What a Mess

What a Mess

freefallingrandLest this be too technical for those unfamiliar with Africa, this morning is a mess.

“Chaos has been unleashed and we all will be poorer,” writes a commentator this morning in the respected journal, African Arguments.

Many former British colonies in Africa are forcing calm while quietly panicking about Brexit, especially South Africa, Nigeria and Kenya.

I can’t see this getting better. Even if the hoped for British pivot occurs and somehow Article 50 is never triggered, the genie is out of the bottle. Economies don’t pause for politicians to catch their breath.

The biggest single concern with South Africa and Kenya is the plummeting pound. Kenya is also worried that a new British executive will be less disposed to foreign aid. Nigeria’s concern is the increased dollar which puts downwards pressure on oil prices, Nigeria’s lifeblood. South Africa suffered a 1.2% retraction last quarter and Brexit is likely now to dump them into a full blown recession.

There is even widespread concern that money transfers will be more difficult, something that will effect all aspects of business and trade.

By 0730cdt this morning all the indicators were moving in terrible directions. Former African colonies’ currencies usually move with the pound. Although weaker currencies are often spun positively for manufactured exports, most former colonies import more than they export so their economies become stressed when their currency weakens.

Add to this a 10% drop in the price of oil (as of 0730 cdt) and Britain’s former colonies are in a terrible mess this morning.

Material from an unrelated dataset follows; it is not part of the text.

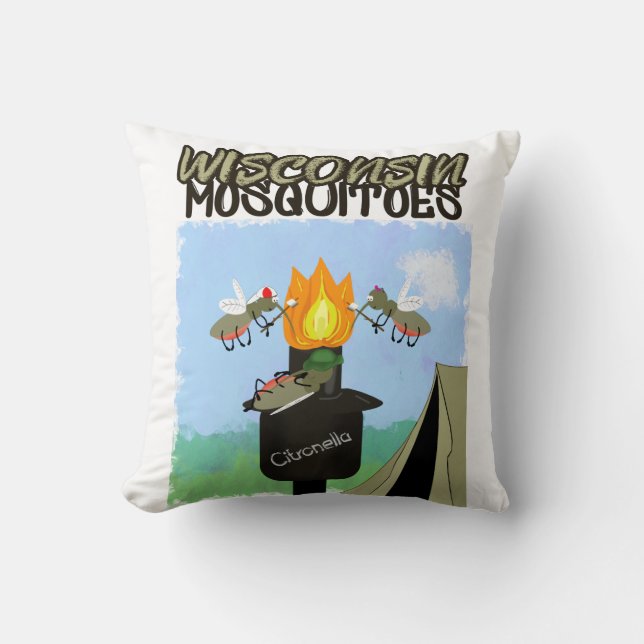 Almofada Mosquitos de Wisconsin Cartoon - Acampamento por T (Frente)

“Politicians paint a very beautiful picture of a very bad idea just to ascend to power,” writes one Kenyan about Brexit, today. “They dupe [the electorate] into voting for them, knowing very well that whatever they are promising cannot work even under any circumstance. That is exactly what Cameron did.”

Most Americans have never traveled to Kenya or South Africa or Nigeria, much less even the UK. Our economy remains the largest on earth so likely the one that can be least hurt by any other. But we are not immune to the effects of Brexit, and I mean that as much politically as economically.

Every Britain should have known what a disaster this would be, but their politicians duped them, to use the Kenyan’s words. The Leave Campaigners promised all sorts of things that they are today retracting like yo-yos, essentially admitting lying.

But there were even double-dupes like Cameron bringing up the whole idea then trying to turn it back; and triple-dupes like Corbyn only half-heartedly campaigning against the Leave because he really wants it.

In the end the electorate was only given one choice: leave or not. I think what the electorate manifest was a protest vote, a No vote, a vote against politics, against the status quo, because like many of us around the world, that’s the only power we’ve been left by our hoarding, power hungry politicians.

The most terrifying lesson to learn from this mess is that Donald Trump might win.